Enhancing the Training Experience

When it comes to training for urban warfare, the more real it gets, the better.

The SAF’s existing urban training facilities that comprise low-level buildings will be making way for a fresh facility replicating Singapore’s highly urbanised streetscapes to bring training to an all-new level.

Scheduled to be operationalised progressively from 2024, SAFTI City will serve the SAF’s training needs for a wide spectrum of operations, ranging from conventional warfare, peacetime contingency operations, to homeland security, counter-terrorism and urban operations.

Engineering - STSH - Enhancing the Training Experience 01
Photo: MINDEF
Click to expand

For this massive undertaking, our multidisciplinary team of engineers defined six principal considerations to guide its design and development: effective in fulfilling training objectives; efficient with high training throughput; safe by design; engaging with interactive targetry and realistic battlefield effects; evolvable to adapt to different scenarios and future training needs; and sustainability.

During the project’s development phase, the team leveraged technologies such as 3D modelling to engage the stakeholders to design and refine training scenarios, to ensure that the final product would truly meet their needs.

To make training more engaging, they also incorporated several smart training and simulation technologies. This included interactive and unmanned targetry with shoot-back capabilities, battlefield effects such as smoke and blast simulators, as well as battlefield instrumentations to track the troops’ real-time actions.

“In SAFTI City, we leverage unmanned technology to develop smart robotic enemies that would ‘fight back’, which challenges our soldiers to think and fight harder. Paired with special effects systems, we are able to replicate battlefield scenarios, thus providing an immersive yet safe training experience for our soldiers, and enhancing the way the Army trains,” said Programme Manager (Simulation & Training Systems Hub (STSH)) Lee Shinhan.

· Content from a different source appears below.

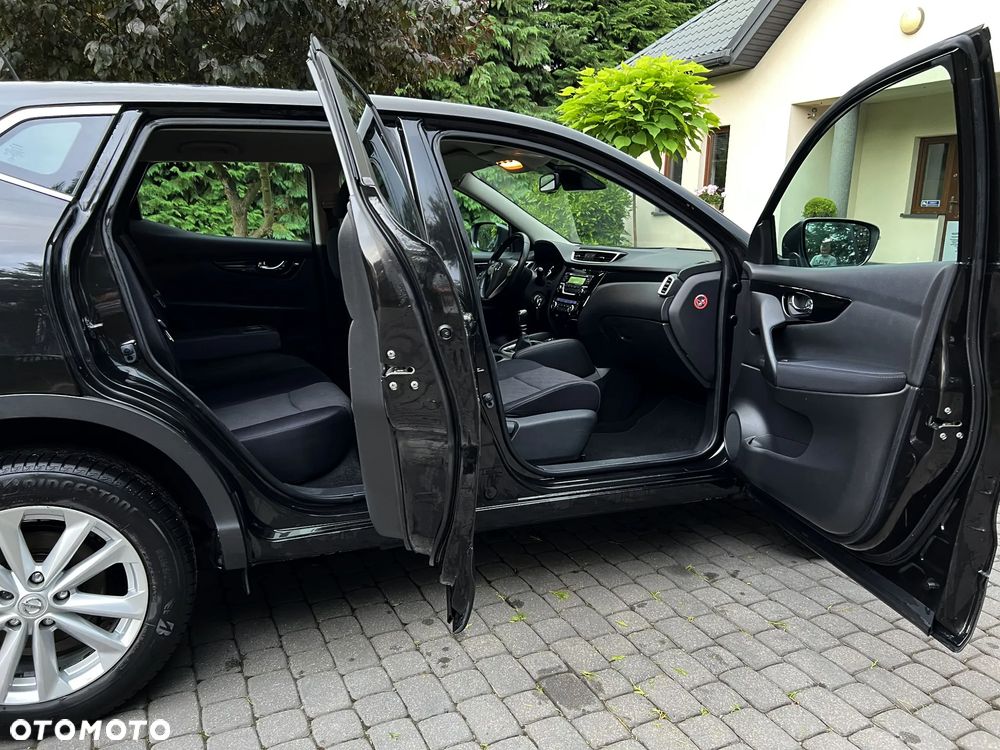 Nissan Qashqai 1.2 DIG-T N-Connecta - 5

In addition, training performance is tracked by a data analytics system that provides accurate feedback. The team developed specialised software applications to enable the Army to review data, including statistics and video footage, so they can analyse exercises and debrief troops better for an improved learning experience.

All of these can be controlled and monitored centrally by the Exercise Control System – the ‘heart’ of the training systems – which is connected to the various soldier and building instrumentation, targetry and battlefield effects. This provides control and allows for the collection of various types of information from multiple sources for analysis, allowing rich data visualisation for debriefing and monitoring purposes.

SAFTI City will also feature configurable buildings and changeable road networks to ensure varied and challenging scenarios that allow soldiers to train in a wide range of operations. Built-in swing panels allow traffic flow and buildings to be configured for different training needs. There will also be false facades to augment real buildings to replicate a dense urban environment.

For the team, realising the vision for this first-of-its-kind facility required an immense amount of determination.

With their goal of enabling SAFTI City to serve the training needs of a wide spectrum of operations and be used by different Army Formations, they tapped the expertise of team members from across different DSTA Programme Centres. They also collaborated with the Army very closely, making sure to elicit their training needs and design creatively for diverse scenarios in a single city.

“This city has reconfigurable building sizes and road networks which can be changed to meet training requirements. For training realism, we incorporated technology to bring the battlefield situation to life by using targetry with shoot-back capabilities, battlefield effects such as sound, smoke and blast simulators. The data captured from the movement of troops, their actions and responses to engagement encounters, all form a rich picture for training review to improve troop performance. SAFTI City developments are multi-faceted, with interdependencies of parallel developments with local and multi-national contractors coming together,” said Senior Programme Manager Programme Office (STSH) Beatrice Kwan.

SAFTI City is poised to become the next gen smart training facility. Speaking at the groundbreaking ceremony in June 2019, Minister for Defence Dr Ng Eng Hen said: “When completed, SAFTI City promises to be among the most advanced purpose-built military training facility for urban ops in the world.”